Une attractivité conservée
Avec un Eonia actuellement autour de -0,37% (et qui devrait prochainement répercuter la dernière baisse de la BCE) l’ancrage durable des taux d’intérêt en territoire négatif complique la tâche des investisseurs monétaires. Ainsi, à l’image de l’ensemble des taux d’intérêt de la zone euro, les taux monétaires ont également beaucoup baissé durant les derniers mois. Cependant, il y a quelques années, les fonds monétaires avaient déjà connu une situation similaire, marquée par le passage de l’Eonia en territoire négatif. La situation est donc loin d’être alarmiste.
A l’époque, il s’agissait d’un contexte qui avait déjà fait craindre la mort de l’industrie des fonds monétaires. Il y a pourtant une vie en taux négatifs ! Loin de péricliter, les fonds monétaires ont continué à attirer des flux significatifs, enregistrant une hausse de leurs encours. Cette année encore, les fonds monétaires font preuve d’une certaine résilience, ne subissant pas de sorties massives.
En dépit de tout cela on constate que les fonds monétaires conservent tout leur attrait pour les investisseurs. L’excès de liquidités sur les marchés et les taux de dépôts négatifs – prochainement à -0,50% – font que les investisseurs se détournent progressivement des produits bancaires traditionnels.
La principale concurrence des sociétés de gestion ces derniers mois a été les dépôts à vue des grandes banques commerciales avec des offres à taux zéro particulièrement attractives pour les grandes entreprises. Mais au regard des fortes anticipations de baisse de taux, les banques pourraient ne plus continuer cette offensive et être contraintes de limiter, voire de refuser les dépôts à vue de leurs clients.
Par ailleurs, le différentiel entre les performances des fonds monétaires (plusieurs points de base au-dessus de l’Eonia) et les taux de dépôts (-0,50%) conservent l’attractivité des fonds monétaires pour les investisseurs, qui ne peuvent se permettre de laisser dormir leurs liquidités auprès de la seule BCE. En l’absence d’alternative sur des placements très court terme – entre 1 jour et 1 mois –, les fonds monétaires constituent toujours une solution et le risque de décollecte massive semble donc écarté sur ce marché pour le moment.
De l’Eonia à l’Ester
Ce nouveau contexte sur les marchés monétaires intervient dans une période cruciale pour les sociétés de gestion, avec la mise en place d’un nouveau taux de référence pour les produits monétaires et dérivés de taux. A compter du 2 octobre 2019, l’Eonia va en effet progressivement céder la place à l’Ester (European Short Term Rate). Un nouvel indice l’Ester sera calculé par la BCE et l’Eonia découlera du calcul de ce dernier.
De fait, l’Eonia sera égal à l’Ester auquel s’ajoutera une marge de 8,5 points de base. La mise en œuvre de ce nouveau taux de référence constitue un changement important pour l’ensemble des acteurs de la gestion monétaire. l’Ester s’appuiera sur les données de 52 banques et institutions financières de la zone euro, contre 28 banques seulement pour l’Eonia, et surtout sur des montants de transaction beaucoup plus significatifs.

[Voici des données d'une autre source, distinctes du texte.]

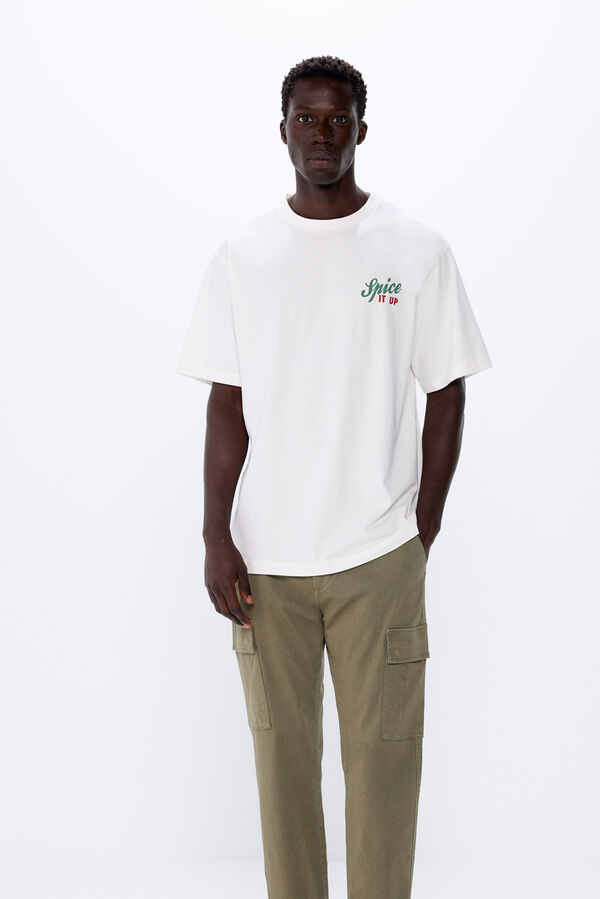 Springfield Playera spice it up marfil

Au final, ce panel de banques, plus large, sera garant d’une meilleure représentativité du marché monétaire au sein de la zone Euro. Il faudra toutefois attendre le 1er janvier 2022 pour voir l’Eonia disparaitre définitivement. D’ici là, l’ensemble des sociétés de gestion de la place vont devoir redoubler d’efforts pour mettre à jour leurs prospectus et leurs outils informatiques. Si de nombreux chantiers restent à mener, le secteur doit d’ores et déjà s’organiser pour être au rendez-vous de cette échéance majeure à venir.